Le Dr Fonseca et le Dr Inzucchi n’ont pas indiqué de divulgations financières ; le Dr Marx a déclaré être consultant pour Amgen et d’autres.
Sources
- Fonseca VA. Le rôle des biabétologues dans la gestion de l’ICC dans le diabète. Présenté à : 14e Congrès mondial sur la résistance à l’insuline, le diabète & les maladies cardiovasculaires, 2 décembre 2016 ; Universal City, CA.
- Marx N. Les inhibiteurs de SGLT2 prolongent-ils la vie des personnes atteintes de DT2, comment ? Présenté à : 14e Congrès mondial sur la résistance à l’insuline, le diabète & les maladies cardiovasculaires, 3 décembre 2016 ; Universal City, CA.
- Kasznicki J. Drzewoski J. L’insuffisance cardiaque dans la population diabétique – physiopathologie, diagnostic et gestion. Arch Med Sci. 2014;10(3) : 546-556.
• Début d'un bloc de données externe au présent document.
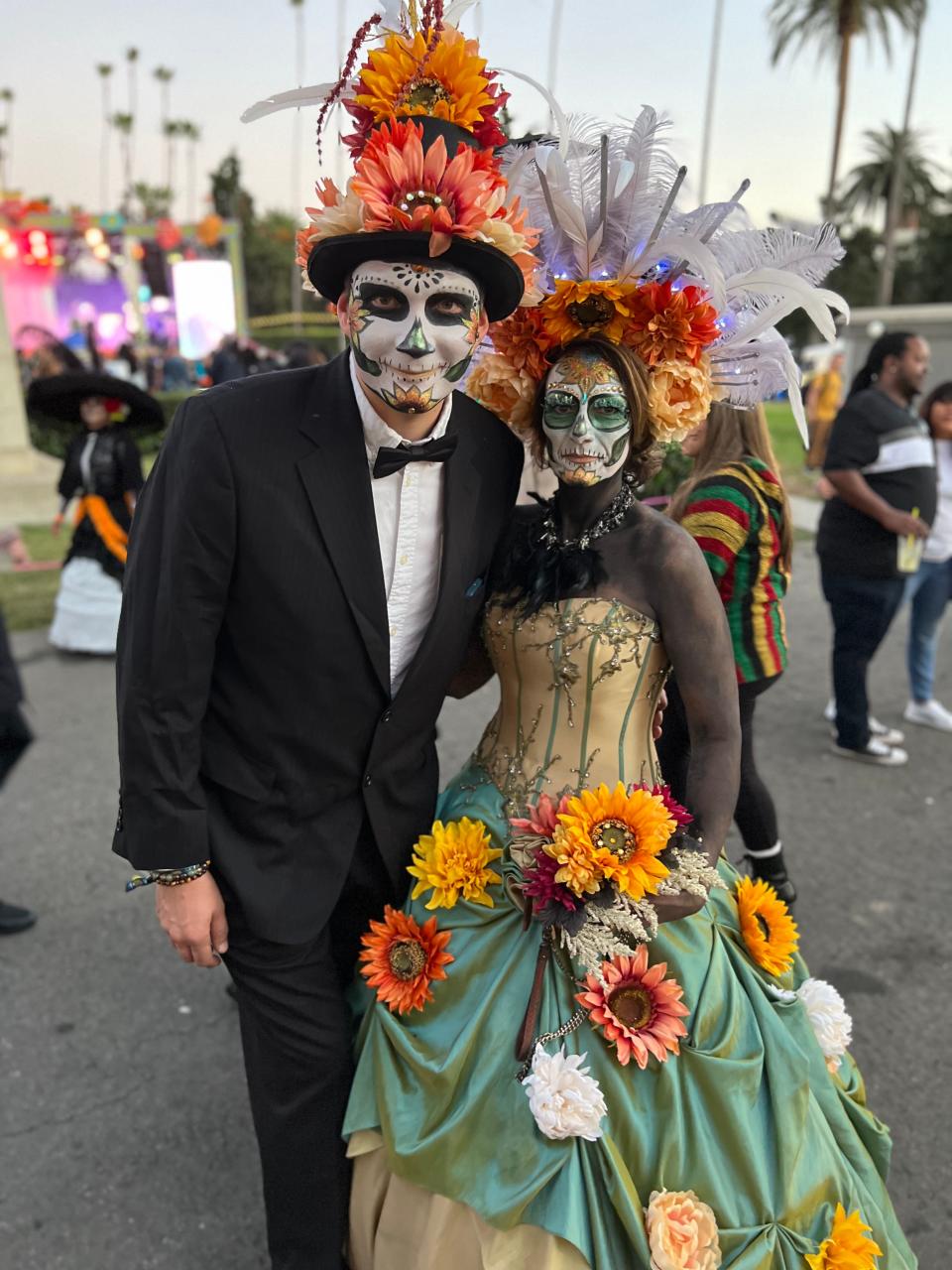 Vasily Filinov of Simi Valley and Stacy Peterson of Desert Hot Springs pose at the Día de Los Muertos celebration at the Hollywood Forever Cemetery in Los Angeles on Saturday, Oct. 28, 2023.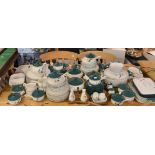 A large quantity of Denby Greenwheat pattern tableware to include plates, lidded soup bowls,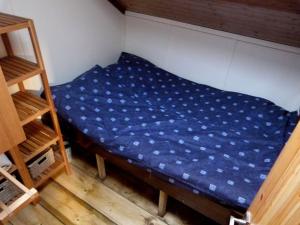a bed in a room with a blue sheet on it at Sailing Barge Reminder in Maldon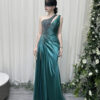 Emerald green one-shoulder satin mermaid gown with beaded bodice, high slit, and trailing train, styled with a lace mask and beaded clutch.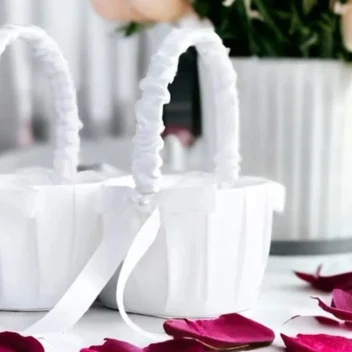 Klassiek wit satijnen strooimandje met grote strik en parelaccent voor de huwelijksceremonie.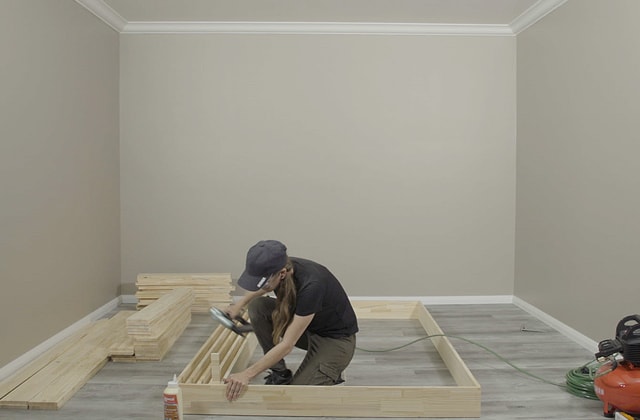 Personne qui assemble une structure en bois sur le plancher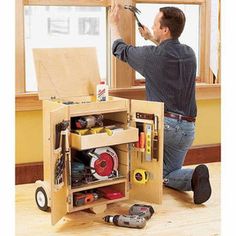 a man is working on a cabinet with tools and other items in the drawer below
- Nichols GA, Hiller TA, Erbey JR, Brown JB. L’insuffisance cardiaque congestive dans le diabète de type 2 : prévalence, incidence et facteurs de risque. Diabetes Care. 2001;24:1614-9.
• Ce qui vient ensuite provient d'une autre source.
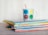 A stack of colorful children's books is placed on a wooden surface. On top of the books sits a playful mug featuring various cheerful faces in different colors, with a red straw sticking out. The colors of the book spines vary, adding a vibrant and lively touch to the scene.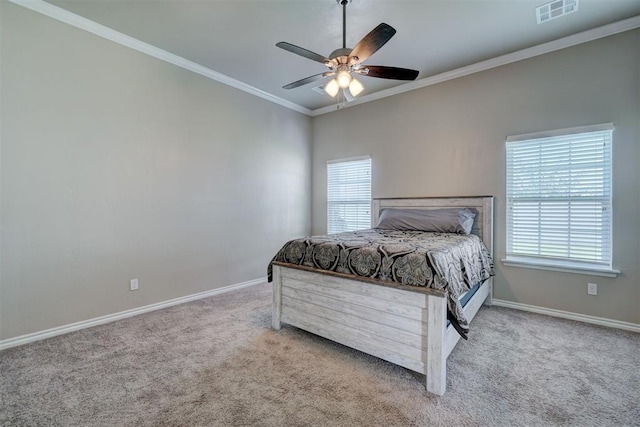 carpeted bedroom featuring ceiling fan and crown molding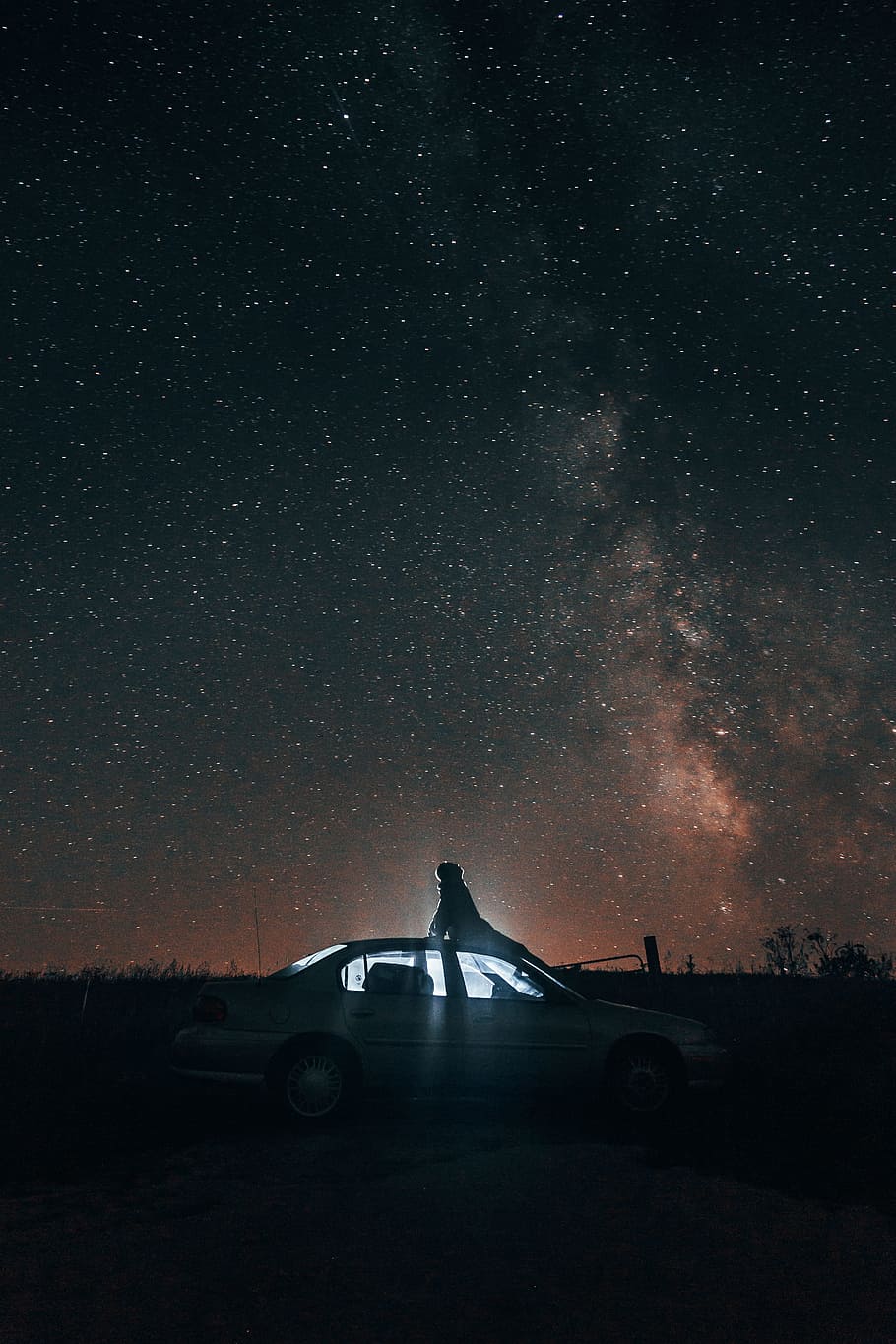 white sedan under blue sky, star, car, person, looking up, galaxy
- Kankanala SR, Syed R, Gong Q, Ren B, Rao X, Zhong J. Sécurité cardiovasculaire des inhibiteurs de la dipeptidyl peptidase-4 : données récentes sur l’insuffisance cardiaque. Am J Transl Res. 2016;8(5):2450-2458.
- Toprani A, Fonseca V. Thiazolidinediones et insuffisance cardiaque congestive chez les anciens combattants atteints de diabète de type 2. Diabète Obes Metab. 2011;13(3)276-80.
- Yancy CW, Jessup M, Bozkurt B, Butler J, Casey DE Jr, Colvin MM, Drazner MH, Filippatos G, Fonarow GC, Givertz MM, Hollenberg SM, Lindenfeld J, Masoudi FA, McBride PE, Peterson PN, Stevenson LW, Westlake C. 2016 ACC/AHA/HFSA focused update on new pharmacological therapy for heart failure : an update of the 2013 ACCF/AHA guideline for the management of heart failure : a report of the American College of Cardiology Foundation/American Heart Association Task Force on Clinical Practice Guidelines and the Heart Failure Society of America. Circulation. 2016;134:e282-e293.
- Bozkurt B, Aguilar D, Deswal A, et al, Au nom du comité sur l’insuffisance cardiaque et la transplantation de l’American Heart Association du Conseil de cardiologie clinique ; du Conseil de chirurgie cardiovasculaire et d’anesthésie ; du Conseil des soins infirmiers cardiovasculaires et des accidents vasculaires cérébraux ; du Conseil de l’hypertension ; et du Conseil de la qualité et de la recherche sur les résultats. Risque contributif et gestion des comorbidités de l’hypertension, de l’obésité, du diabète sucré, de l’hyperlipidémie et du syndrome métabolique dans l’insuffisance cardiaque chronique : Une déclaration scientifique de l’American Heart Association. Circulation. 2016;134:e535-e578.
- DeFronzo RA et. al. La pioglitazone pour la prévention du diabète en cas d’intolérance au glucose. New Engl J Med. 2011 ;(364)1104-1115.
- Delea TE, Edelsberg JS, Hagiwara M, Oster G, Phillips LS. Utilisation de thiazolidinediones et risque d’insuffisance cardiaque chez les personnes atteintes de diabète de type 2 : une étude de cohorte rétrospective. Diabetes Care. 2003;26:2983–2989.